* **What you should do**
Nothing may be left out of the listing below but its images; repeat the rest exactly.

━━━

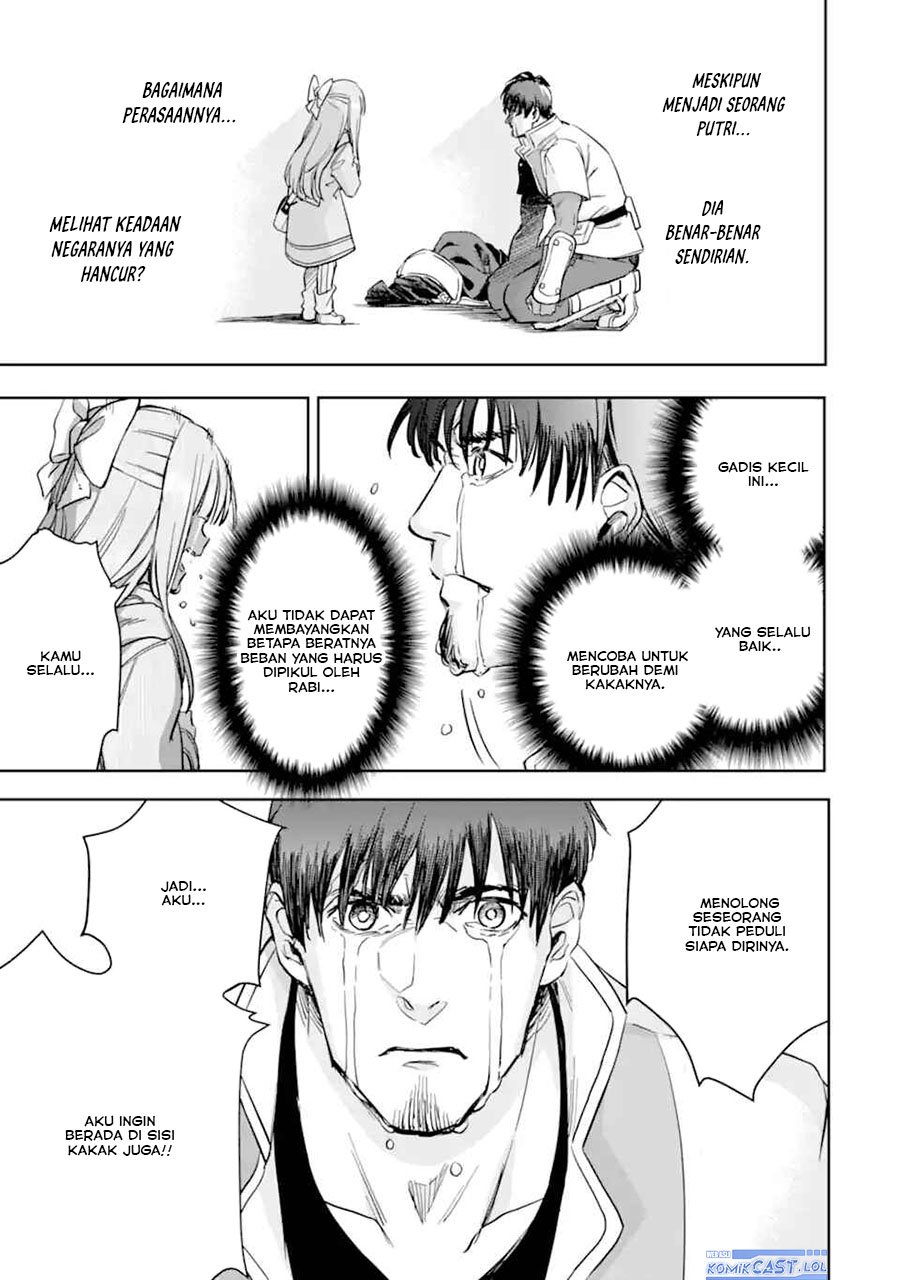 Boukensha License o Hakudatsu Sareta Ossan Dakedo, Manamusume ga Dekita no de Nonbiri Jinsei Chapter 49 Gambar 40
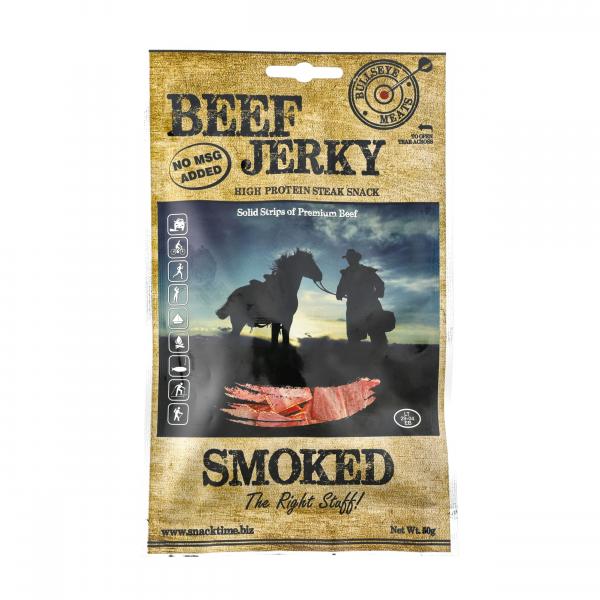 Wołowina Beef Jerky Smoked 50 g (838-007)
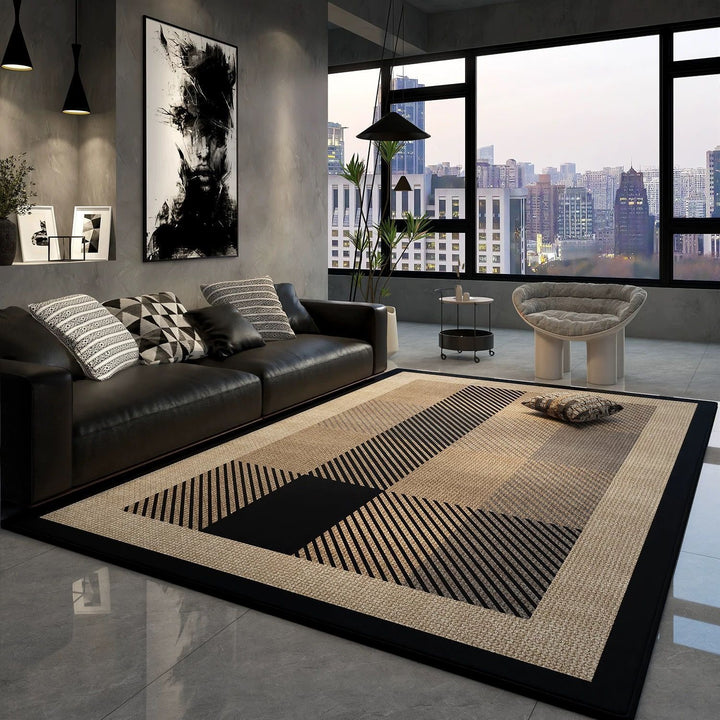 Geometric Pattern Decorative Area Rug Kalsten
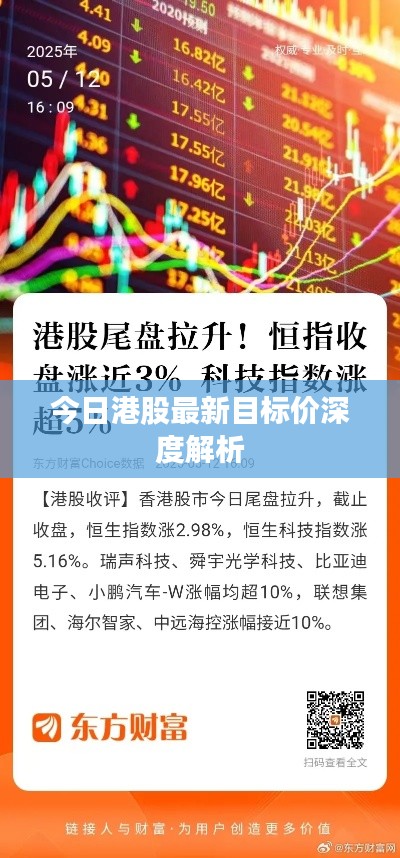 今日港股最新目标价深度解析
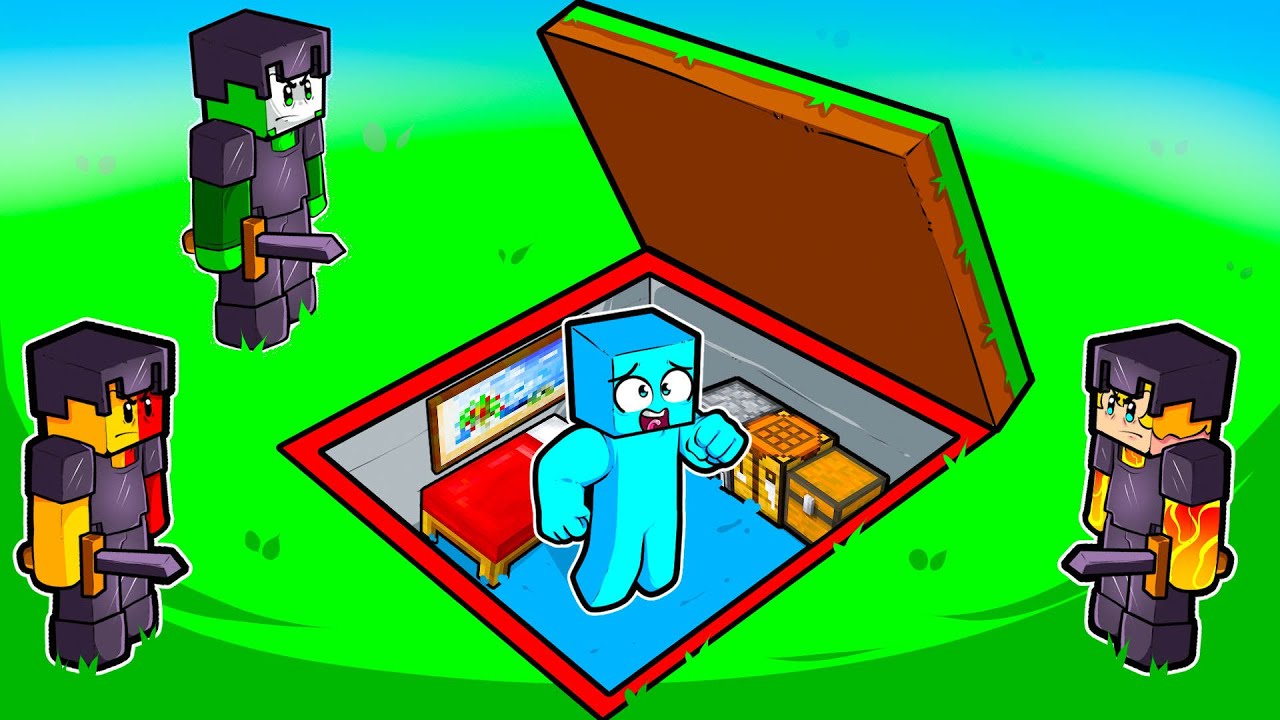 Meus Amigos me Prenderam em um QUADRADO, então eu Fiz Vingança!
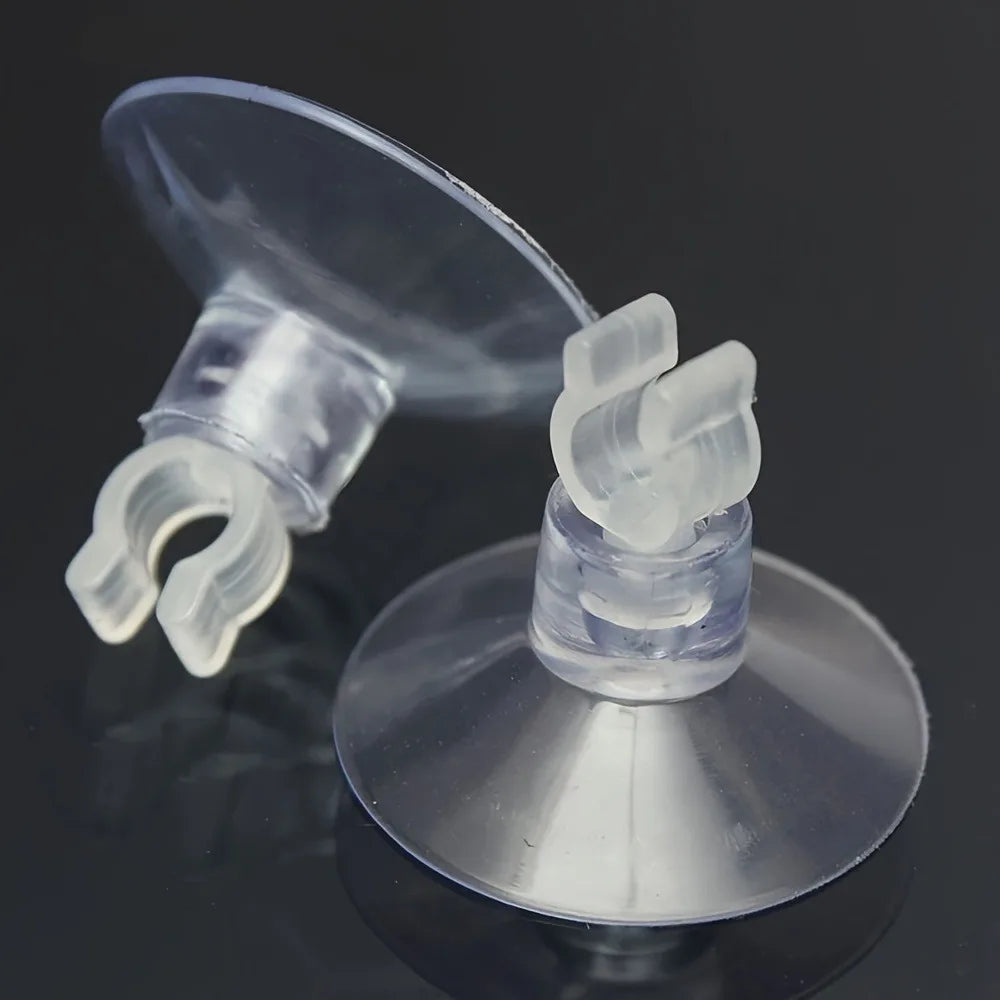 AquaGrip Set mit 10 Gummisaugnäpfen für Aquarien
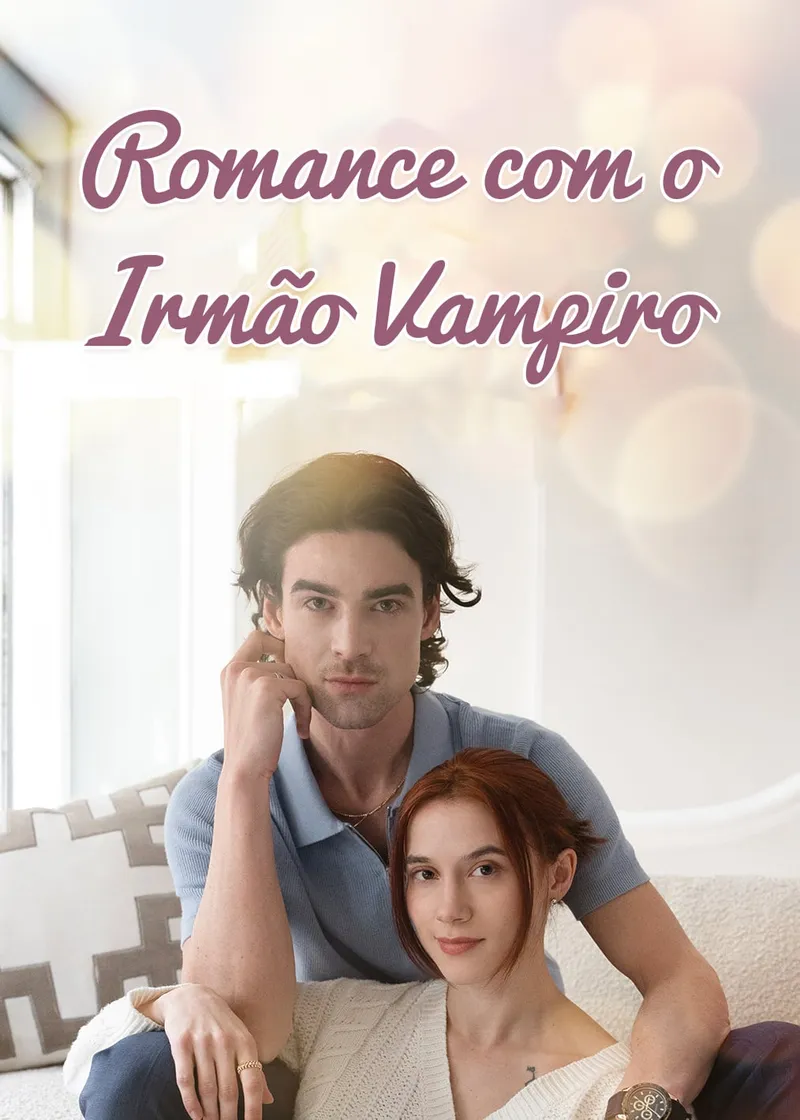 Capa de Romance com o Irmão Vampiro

━━━

* **Exercise solution**
 Boukensha License o Hakudatsu Sareta Ossan Dakedo, Manamusume ga Dekita no de Nonbiri Jinsei Chapter 49 Gambar 40
 Wołowina Beef Jerky Smoked 50 g (838-007)
 Geometric Pattern Decorative Area Rug Kalsten
 今日港股最新目标价深度解析
 Meus Amigos me Prenderam em um QUADRADO, então eu Fiz Vingança!
 AquaGrip Set mit 10 Gummisaugnäpfen für Aquarien
 Capa de Romance com o Irmão Vampiro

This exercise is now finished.